_Work to complete_
Set down the material exactly as given, please, from its first line through the line that includes "Select the wallet".

_Data for review_
:::
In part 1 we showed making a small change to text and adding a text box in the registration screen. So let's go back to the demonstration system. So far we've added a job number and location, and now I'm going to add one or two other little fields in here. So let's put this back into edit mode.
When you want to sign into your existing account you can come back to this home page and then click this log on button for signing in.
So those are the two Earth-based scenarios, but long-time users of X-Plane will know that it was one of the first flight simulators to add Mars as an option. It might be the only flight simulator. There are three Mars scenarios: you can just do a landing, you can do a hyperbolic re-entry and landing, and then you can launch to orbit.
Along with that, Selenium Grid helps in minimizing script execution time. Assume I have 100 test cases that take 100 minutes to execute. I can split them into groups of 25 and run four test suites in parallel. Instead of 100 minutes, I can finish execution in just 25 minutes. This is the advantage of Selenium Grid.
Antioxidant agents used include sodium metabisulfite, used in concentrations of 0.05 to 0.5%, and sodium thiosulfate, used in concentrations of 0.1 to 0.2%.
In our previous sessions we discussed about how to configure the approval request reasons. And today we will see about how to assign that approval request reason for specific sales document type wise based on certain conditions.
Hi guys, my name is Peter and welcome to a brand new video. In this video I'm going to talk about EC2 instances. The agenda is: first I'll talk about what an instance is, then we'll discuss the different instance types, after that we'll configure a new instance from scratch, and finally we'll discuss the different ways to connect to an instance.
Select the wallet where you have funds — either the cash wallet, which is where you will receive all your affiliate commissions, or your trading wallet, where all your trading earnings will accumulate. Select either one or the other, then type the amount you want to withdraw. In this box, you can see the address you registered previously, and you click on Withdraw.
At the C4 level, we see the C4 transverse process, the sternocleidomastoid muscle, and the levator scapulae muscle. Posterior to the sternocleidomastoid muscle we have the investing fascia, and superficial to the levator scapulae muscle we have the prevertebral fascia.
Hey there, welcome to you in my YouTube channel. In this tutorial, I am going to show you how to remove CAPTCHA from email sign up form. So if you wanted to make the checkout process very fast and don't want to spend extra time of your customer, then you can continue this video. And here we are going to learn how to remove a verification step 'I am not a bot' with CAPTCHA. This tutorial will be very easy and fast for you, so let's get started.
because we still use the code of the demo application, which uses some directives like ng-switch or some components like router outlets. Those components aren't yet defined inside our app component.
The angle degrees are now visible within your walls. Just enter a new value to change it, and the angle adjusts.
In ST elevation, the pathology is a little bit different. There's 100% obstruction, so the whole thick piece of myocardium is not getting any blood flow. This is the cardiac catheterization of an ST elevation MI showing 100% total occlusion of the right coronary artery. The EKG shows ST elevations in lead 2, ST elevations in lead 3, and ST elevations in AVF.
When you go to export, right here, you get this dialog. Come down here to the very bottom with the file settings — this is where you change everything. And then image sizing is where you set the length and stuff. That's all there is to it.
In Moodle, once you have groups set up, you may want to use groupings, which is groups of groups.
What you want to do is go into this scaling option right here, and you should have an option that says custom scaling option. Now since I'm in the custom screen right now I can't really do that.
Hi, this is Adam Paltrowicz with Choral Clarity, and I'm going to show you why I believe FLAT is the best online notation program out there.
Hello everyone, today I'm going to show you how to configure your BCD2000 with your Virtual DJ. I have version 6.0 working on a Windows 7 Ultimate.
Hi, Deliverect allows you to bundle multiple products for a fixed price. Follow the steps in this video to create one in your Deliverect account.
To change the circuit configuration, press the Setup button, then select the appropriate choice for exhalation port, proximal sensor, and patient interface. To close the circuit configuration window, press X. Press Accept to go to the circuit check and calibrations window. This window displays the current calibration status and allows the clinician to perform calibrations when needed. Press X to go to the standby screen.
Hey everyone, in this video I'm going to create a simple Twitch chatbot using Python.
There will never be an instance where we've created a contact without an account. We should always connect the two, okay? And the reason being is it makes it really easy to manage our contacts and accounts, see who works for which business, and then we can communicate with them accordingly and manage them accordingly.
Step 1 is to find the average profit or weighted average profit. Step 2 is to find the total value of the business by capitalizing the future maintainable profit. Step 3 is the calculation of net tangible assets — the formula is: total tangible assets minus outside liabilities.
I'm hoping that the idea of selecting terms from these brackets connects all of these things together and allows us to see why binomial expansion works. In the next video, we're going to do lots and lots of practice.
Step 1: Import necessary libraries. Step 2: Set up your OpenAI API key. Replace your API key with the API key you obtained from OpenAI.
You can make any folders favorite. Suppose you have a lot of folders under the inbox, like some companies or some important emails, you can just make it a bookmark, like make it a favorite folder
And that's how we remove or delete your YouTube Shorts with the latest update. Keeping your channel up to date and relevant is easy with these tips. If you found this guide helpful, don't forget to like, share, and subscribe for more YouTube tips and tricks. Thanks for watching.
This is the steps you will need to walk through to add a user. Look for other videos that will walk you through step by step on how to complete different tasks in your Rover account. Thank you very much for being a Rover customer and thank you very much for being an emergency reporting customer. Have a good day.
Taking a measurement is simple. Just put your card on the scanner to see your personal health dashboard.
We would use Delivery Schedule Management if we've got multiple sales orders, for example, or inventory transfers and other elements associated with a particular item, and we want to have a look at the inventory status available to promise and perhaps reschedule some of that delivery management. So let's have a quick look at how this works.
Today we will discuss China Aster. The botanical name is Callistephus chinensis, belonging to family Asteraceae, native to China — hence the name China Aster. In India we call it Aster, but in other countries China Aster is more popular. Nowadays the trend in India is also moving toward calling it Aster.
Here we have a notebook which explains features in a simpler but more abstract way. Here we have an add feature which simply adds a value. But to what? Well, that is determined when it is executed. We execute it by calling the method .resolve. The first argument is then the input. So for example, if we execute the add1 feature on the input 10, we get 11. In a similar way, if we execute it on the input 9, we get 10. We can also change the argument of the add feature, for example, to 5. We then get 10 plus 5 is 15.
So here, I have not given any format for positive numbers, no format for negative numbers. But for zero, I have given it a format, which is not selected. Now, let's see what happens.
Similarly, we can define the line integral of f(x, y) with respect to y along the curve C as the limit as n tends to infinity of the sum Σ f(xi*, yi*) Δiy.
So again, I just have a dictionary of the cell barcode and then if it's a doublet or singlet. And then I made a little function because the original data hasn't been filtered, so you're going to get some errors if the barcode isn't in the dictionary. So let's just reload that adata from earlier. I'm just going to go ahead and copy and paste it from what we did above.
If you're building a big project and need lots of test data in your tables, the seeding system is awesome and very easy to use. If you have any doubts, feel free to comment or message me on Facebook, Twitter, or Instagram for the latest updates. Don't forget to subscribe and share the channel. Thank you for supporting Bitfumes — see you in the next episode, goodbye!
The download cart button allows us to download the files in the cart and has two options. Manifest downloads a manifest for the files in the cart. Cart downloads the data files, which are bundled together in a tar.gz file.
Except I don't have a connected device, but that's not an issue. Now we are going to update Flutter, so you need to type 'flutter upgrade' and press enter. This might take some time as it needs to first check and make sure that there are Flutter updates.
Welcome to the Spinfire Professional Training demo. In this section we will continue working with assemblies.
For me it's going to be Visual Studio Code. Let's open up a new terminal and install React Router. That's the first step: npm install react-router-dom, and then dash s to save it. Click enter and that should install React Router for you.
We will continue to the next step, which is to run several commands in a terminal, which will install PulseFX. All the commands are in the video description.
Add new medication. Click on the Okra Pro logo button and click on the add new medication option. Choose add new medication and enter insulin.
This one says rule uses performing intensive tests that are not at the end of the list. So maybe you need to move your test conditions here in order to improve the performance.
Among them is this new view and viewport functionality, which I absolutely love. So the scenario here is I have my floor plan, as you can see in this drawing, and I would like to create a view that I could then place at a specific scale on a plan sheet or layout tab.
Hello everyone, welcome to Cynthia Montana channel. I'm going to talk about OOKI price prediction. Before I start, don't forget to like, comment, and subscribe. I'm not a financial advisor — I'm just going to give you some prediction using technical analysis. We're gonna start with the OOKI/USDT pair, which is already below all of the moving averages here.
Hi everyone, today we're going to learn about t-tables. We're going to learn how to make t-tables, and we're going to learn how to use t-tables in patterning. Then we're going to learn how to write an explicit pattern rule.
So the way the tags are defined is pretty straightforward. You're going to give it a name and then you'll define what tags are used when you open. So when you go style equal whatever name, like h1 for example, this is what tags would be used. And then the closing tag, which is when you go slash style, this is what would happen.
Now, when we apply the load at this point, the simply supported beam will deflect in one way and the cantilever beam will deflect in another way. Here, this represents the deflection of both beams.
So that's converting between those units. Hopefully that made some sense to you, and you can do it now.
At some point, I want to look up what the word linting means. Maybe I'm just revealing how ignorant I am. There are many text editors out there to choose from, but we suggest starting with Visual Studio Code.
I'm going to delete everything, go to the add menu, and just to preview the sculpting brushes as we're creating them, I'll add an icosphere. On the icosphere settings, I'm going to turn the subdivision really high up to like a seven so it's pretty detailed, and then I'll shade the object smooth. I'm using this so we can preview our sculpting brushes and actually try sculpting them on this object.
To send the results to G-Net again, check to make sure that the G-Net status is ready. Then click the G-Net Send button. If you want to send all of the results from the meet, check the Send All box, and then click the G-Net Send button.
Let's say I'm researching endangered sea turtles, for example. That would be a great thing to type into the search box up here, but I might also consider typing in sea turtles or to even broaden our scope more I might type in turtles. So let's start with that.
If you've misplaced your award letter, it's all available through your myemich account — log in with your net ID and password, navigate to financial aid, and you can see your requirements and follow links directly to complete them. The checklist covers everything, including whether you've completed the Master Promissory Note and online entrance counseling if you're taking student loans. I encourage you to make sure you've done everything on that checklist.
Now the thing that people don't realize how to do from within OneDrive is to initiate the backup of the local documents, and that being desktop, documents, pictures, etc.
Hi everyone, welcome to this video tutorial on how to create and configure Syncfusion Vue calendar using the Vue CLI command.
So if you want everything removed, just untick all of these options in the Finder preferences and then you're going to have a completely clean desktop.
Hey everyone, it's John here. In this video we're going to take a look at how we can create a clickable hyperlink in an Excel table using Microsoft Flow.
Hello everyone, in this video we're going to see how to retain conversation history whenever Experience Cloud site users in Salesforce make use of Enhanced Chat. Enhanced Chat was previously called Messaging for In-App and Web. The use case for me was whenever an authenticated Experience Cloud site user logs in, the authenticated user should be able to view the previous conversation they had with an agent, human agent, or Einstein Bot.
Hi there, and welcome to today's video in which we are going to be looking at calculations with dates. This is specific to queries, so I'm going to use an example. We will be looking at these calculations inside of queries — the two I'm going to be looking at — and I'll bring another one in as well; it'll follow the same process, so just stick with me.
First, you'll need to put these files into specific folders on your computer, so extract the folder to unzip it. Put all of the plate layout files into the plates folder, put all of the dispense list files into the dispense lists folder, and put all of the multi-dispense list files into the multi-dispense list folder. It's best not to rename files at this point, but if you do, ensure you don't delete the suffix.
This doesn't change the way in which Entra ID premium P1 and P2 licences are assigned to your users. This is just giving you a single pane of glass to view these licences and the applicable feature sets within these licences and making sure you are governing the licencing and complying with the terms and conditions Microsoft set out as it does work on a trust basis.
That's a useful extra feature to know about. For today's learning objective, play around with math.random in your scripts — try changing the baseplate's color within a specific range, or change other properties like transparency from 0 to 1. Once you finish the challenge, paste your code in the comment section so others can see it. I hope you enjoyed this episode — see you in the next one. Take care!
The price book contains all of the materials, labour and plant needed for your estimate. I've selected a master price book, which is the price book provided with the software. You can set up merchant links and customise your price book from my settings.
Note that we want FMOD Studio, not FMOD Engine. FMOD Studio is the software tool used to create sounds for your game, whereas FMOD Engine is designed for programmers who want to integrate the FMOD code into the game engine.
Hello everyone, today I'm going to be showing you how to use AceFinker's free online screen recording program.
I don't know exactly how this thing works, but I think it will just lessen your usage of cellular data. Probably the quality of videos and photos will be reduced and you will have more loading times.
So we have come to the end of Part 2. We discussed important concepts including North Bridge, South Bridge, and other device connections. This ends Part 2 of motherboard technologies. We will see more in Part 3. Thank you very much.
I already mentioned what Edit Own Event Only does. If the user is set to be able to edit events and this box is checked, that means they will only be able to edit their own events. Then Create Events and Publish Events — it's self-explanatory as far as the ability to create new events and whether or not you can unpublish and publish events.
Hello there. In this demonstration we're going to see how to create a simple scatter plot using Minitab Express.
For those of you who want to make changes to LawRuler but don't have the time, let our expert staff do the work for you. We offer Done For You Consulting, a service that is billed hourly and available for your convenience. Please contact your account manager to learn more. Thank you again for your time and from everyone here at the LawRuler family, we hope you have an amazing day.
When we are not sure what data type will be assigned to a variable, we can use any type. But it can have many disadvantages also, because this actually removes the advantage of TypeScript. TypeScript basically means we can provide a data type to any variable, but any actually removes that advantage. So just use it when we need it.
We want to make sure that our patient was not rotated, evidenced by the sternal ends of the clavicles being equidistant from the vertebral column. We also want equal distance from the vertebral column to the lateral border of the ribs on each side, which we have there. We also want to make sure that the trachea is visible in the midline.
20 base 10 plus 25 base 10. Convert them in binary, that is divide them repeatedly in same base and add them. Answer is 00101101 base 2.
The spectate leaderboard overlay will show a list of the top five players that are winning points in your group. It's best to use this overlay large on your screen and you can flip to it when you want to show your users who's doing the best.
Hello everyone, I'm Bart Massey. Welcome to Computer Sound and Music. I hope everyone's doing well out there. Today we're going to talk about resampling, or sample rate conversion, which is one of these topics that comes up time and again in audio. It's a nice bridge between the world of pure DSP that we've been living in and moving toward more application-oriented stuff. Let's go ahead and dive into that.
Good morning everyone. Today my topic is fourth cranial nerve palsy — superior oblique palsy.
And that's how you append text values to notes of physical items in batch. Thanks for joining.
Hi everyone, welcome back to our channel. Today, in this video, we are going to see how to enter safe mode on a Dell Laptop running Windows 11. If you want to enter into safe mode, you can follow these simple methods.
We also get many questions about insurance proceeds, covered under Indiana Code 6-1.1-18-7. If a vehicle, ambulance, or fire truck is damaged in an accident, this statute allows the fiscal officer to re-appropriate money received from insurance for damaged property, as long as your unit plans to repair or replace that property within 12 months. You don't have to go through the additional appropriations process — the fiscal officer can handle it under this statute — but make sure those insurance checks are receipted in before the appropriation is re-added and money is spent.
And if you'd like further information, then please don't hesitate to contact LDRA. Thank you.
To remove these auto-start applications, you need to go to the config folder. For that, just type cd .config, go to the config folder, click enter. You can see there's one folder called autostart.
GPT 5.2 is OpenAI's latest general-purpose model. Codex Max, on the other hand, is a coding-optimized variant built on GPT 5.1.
:::
_Response to this exercise_
In part 1 we showed making a small change to text and adding a text box in the registration screen. So let's go back to the demonstration system. So far we've added a job number and location, and now I'm going to add one or two other little fields in here. So let's put this back into edit mode.
When you want to sign into your existing account you can come back to this home page and then click this log on button for signing in.
So those are the two Earth-based scenarios, but long-time users of X-Plane will know that it was one of the first flight simulators to add Mars as an option. It might be the only flight simulator. There are three Mars scenarios: you can just do a landing, you can do a hyperbolic re-entry and landing, and then you can launch to orbit.
Along with that, Selenium Grid helps in minimizing script execution time. Assume I have 100 test cases that take 100 minutes to execute. I can split them into groups of 25 and run four test suites in parallel. Instead of 100 minutes, I can finish execution in just 25 minutes. This is the advantage of Selenium Grid.
Antioxidant agents used include sodium metabisulfite, used in concentrations of 0.05 to 0.5%, and sodium thiosulfate, used in concentrations of 0.1 to 0.2%.
In our previous sessions we discussed about how to configure the approval request reasons. And today we will see about how to assign that approval request reason for specific sales document type wise based on certain conditions.
Hi guys, my name is Peter and welcome to a brand new video. In this video I'm going to talk about EC2 instances. The agenda is: first I'll talk about what an instance is, then we'll discuss the different instance types, after that we'll configure a new instance from scratch, and finally we'll discuss the different ways to connect to an instance.
Select the wallet where you have funds — either the cash wallet, which is where you will receive all your affiliate commissions, or your trading wallet, where all your trading earnings will accumulate. Select either one or the other, then type the amount you want to withdraw. In this box, you can see the address you registered previously, and you click on Withdraw.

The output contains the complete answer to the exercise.